Evening Update: Tomorrow's storm is looking more and more impressive. For the last 2 days almost every computer model run has brought this storm closer to Connecticut. There is no question our forecast has changed since yesterday but that's what happens in the weather business! I think this storm is going to produce even more snow than the computer models currently show based on several factors.
The first thing we can look at is how much liquid precipitation our models are dropping over New England. The GFS, the most paltry, has about 0.3" of liquid in Hartford/New Haven and close to 0.5" in New London. Other models are a smidge higher than this - including the Euro, Canadian, and NAM.
I expect the models to continue to trend higher with more liquid precipitation for several reasons. One of the reasons is that we have a pretty sizable amount of lift - centered in the mid levels of the atmosphere about 20,000 feet above our heads during the afternoon. Strong differential cyclonic vorticity advection (DCVA) over New England will promote rising motion and that leads to clouds and snow.
If that was the only feature we'd be talking about a couple inches and we'd move on. But what is quite intriguing is a burst of low level convergence that is consistently showing up on our models. Let's look at winds about 5,000 feet up. Winds will be quite strong out of the east out toward Providence and southeastern Massachusetts for a period of time. Here in Connecticut the winds will be much lighter. This produces convergence as air is effectively forced to pile up and the only place it has to go is up.
That signal should lead to additional snow and maybe even a heavy burst of snow farther west than we'd typically see it for an offshore storm. This signal is strongest right along the I-91 corridor. The fact this mini low level jet is so far removed from the low center, and shows up on all our computer models, means that this storm will behave differently than most storms that track well southeast of Nantucket.
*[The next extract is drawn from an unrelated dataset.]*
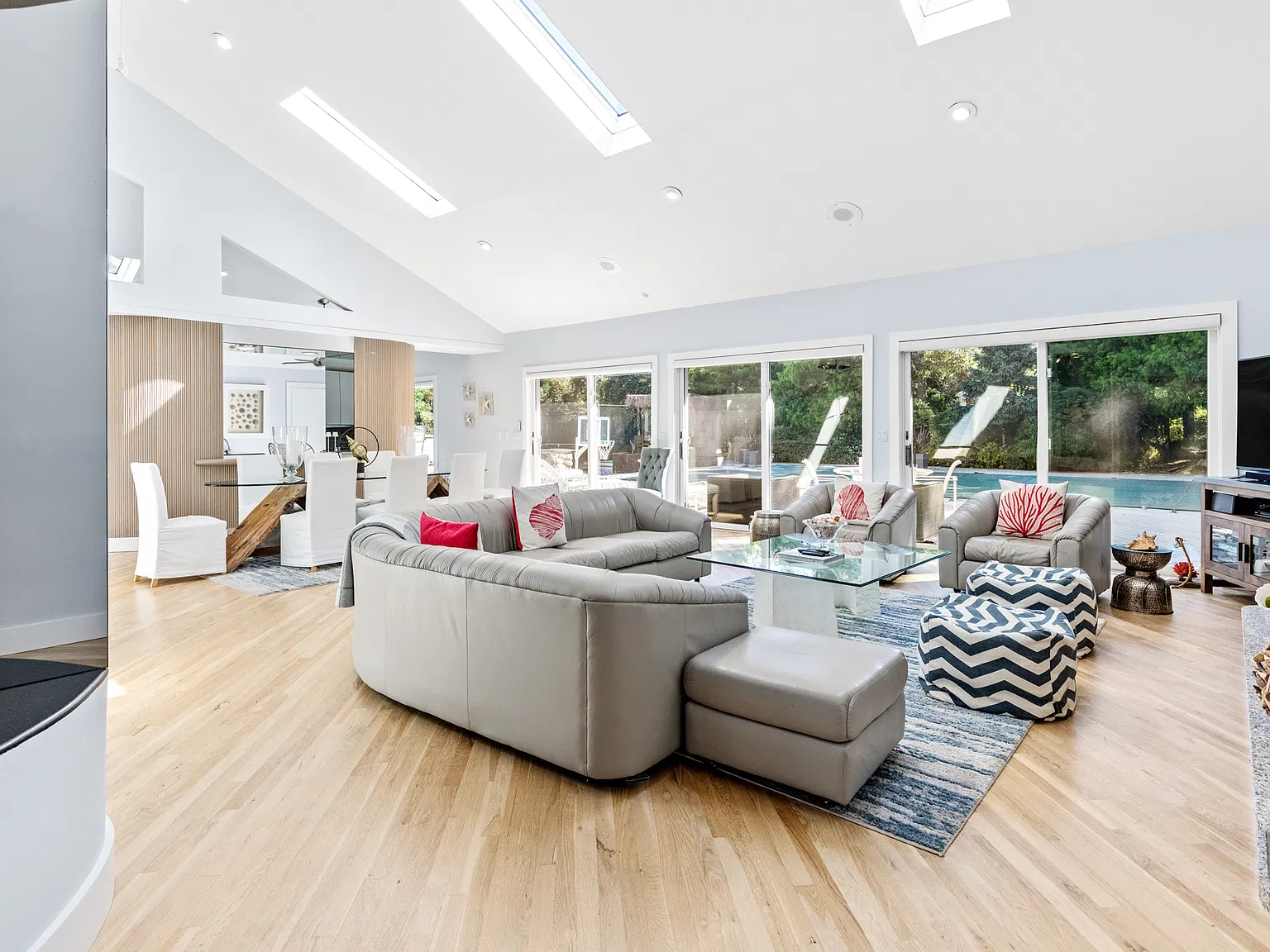 Spacious home with Tennis and Pool — Photo 2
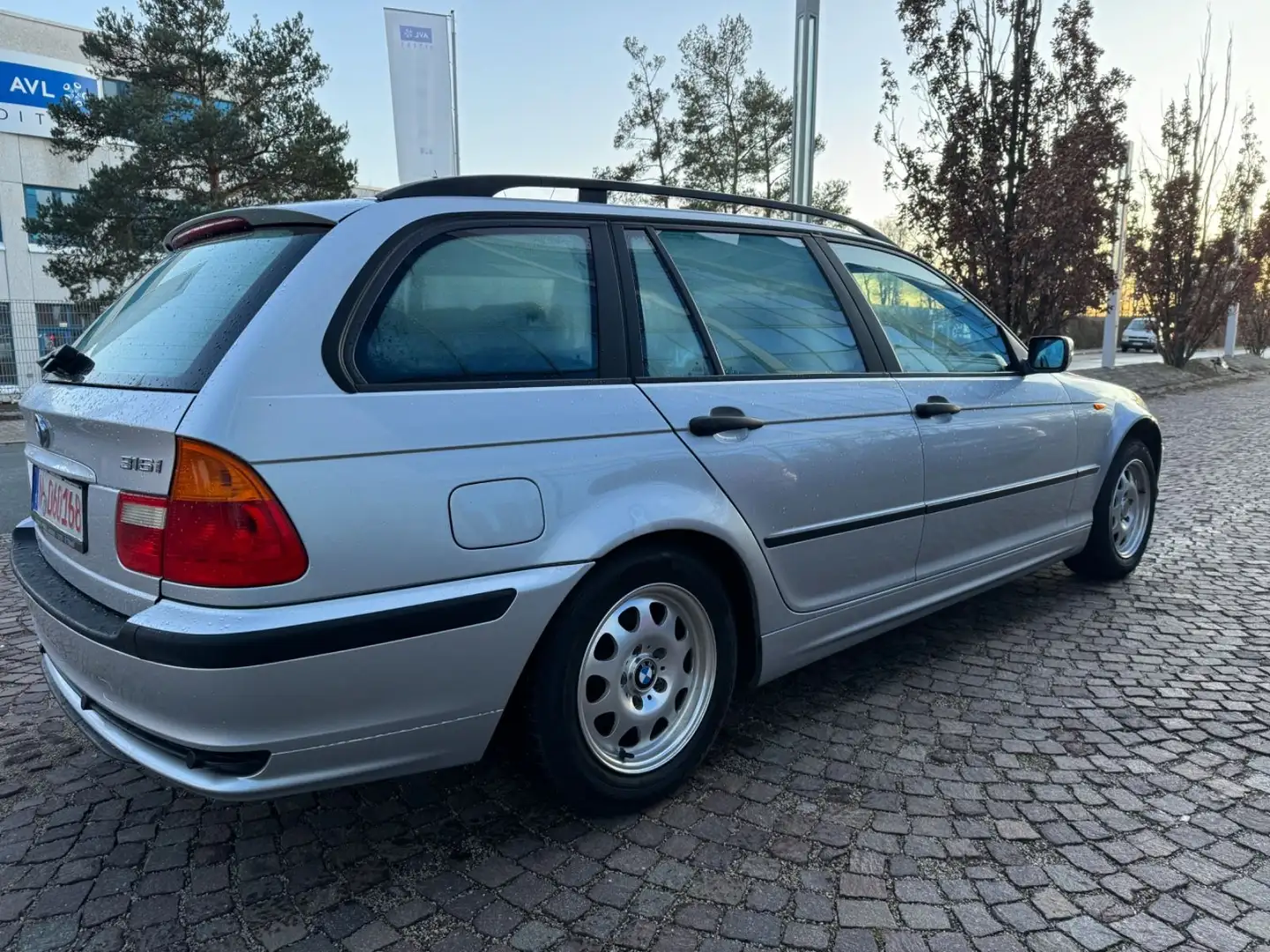 BMW 318 Touring 85 KW Klimaautomatik PDC AHK Gris - 1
The other positive for heavy snow is the fact that all of this lift (both the mid level and low level stuff) will occur with cloud temperatures between -12c and -18c. For a snow geek these temperatures are pretty exciting :) At those temperatures ornate snow crystals known as dendrites will be the favored crystal type. These crystals grow the most efficiently and when they land on the ground they can accumulate very quickly! This will lead to snow:liquid ratios greater than the typical 10:1 around here. For the duration of the storm we will likely be closer to 15:1 or even 20:1. Almost 14,000 feet of the atmosphere will be between -12c and -18c and that is a VERY large dendritic growth zone and can promote a lot of efficiently growing, big, fat and fluffy flakes. Fluff factor!
I took pictures of dendrites this morning in West Hartford on the roof of my car that managed to accumulate at a 20:1 ratio. This morning's snow was also super fluffy.
Putting it all together I feel confident that this storm is going to perform better than most raw model guidance shows. I'm predicting 4"-8" of snow for Hartford and New Haven but I could easily see those numbers going up where some bands of heavier snow form. That will most likely be in eastern Connecticut but I can't rule out a jackpot farther west - including the Hartford/New Haven corridor. While the Route 8 corridor (Waterbury/Bridgeport/Torrington) is currently in the 2"-4" zone if the evening computer models show the current trends continuing these numbers will have to be increased. For what it's worth, I think the National Weather Service forecast is too conservative which is odd because frequently they are the most bullish and out there with snowfall predictions.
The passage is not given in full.